Due to inadequate supply of gas operations of the new power stations built under the National Integrated Power Project (NIPP), which are currently undergoing privatisation, have been stalled, Vanguard learnt.
It was gathered that some units of most of the 10 medium-sized gas-fired power stations, which are expected to add 4,774MW of electricity to the national grid, have been completed and ready for test-firing. However, insufficient gas supply from NNPC is threatening the operations of the power plants.
Though the Nigerian National Petroleum Corporation (NNPC) confirmed the repair of its gas-to-power supply pipeline that would lead to the re-injection of an equivalent of 1,505 MW of electricity into the national grid, the power plants would still have to contend with gas shortfall.

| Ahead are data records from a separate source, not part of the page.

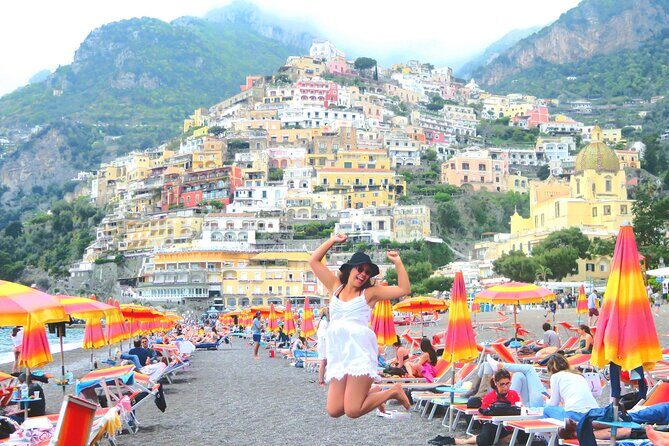 Amalfi Coast & Positano - Small Group Day Tour - Key things that make this tour work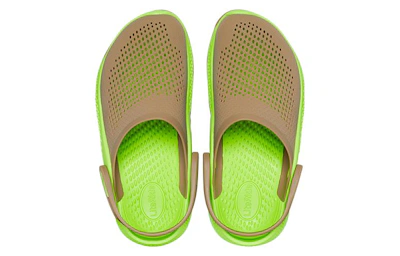 Crocs LiteRide 360 Ombre Marbled Clog 'Khaki'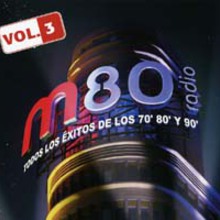 M80 Radio Los Exitos De Los 70 80 Y 90 Vol.3 CD2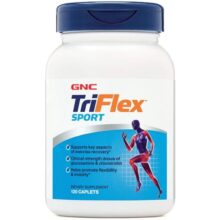تری فلکس اسپورت 120 عددی جی ان سی GNC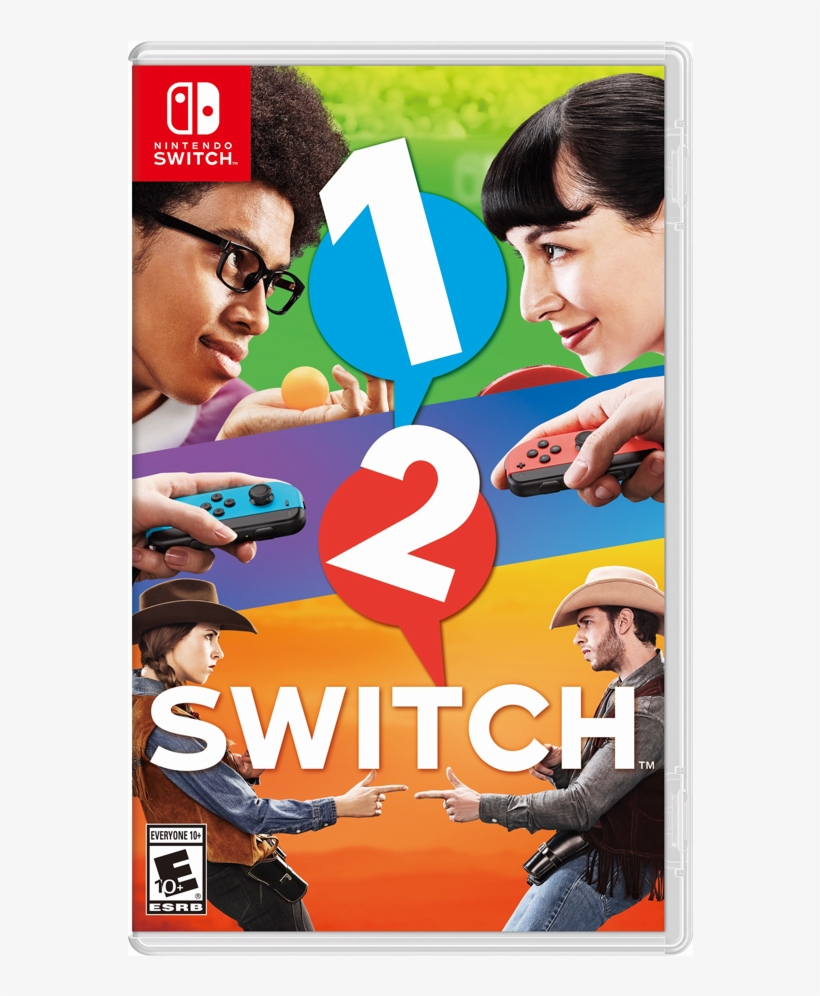 Games - Games For A Nintendo Switch, transparent png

For example, the 634.5MW-capacity Calabar Power Plant, operated by Calabar Generation Company Limited, which has since been completed technically, has not been able to secure gas to test-run the plant for its inauguration as there are no indications that Addax Petroleum, which is billed to supply 100 million SCF, of gas per day to the facility, would deliver the gas this year.
Inadequate gas supply has also stalled the operation of the six-unit, 1,131 MW capacity Alaoji Power Plant in Abia State, which is the biggest plant under the NIPP. Vanguard learnt that four out of the six units of the plant, built by Rockson Engineering Limited, an indigenous contractor, have been technically completed but only two units are producing at sub-optimal capacity due to gas shortage.
Sources told Vanguard that without adequate gas to fire the four gas-powered units, the remaining two units, which will run on steam, cannot generate power. It was also learnt that as a combined cycle power plant, which runs on both steam and gas, the two steam turbines can only generate electricity when the four gas turbines generate enough steam to fire the two steam turbines.
According to a source “It is the four gas turbines that will fire the water boilers to produce steam that is used to operate the steam turbines to avoid waste of energy. Without gas to fire the four completed gas turbines, the two steam turbines cannot generate power.”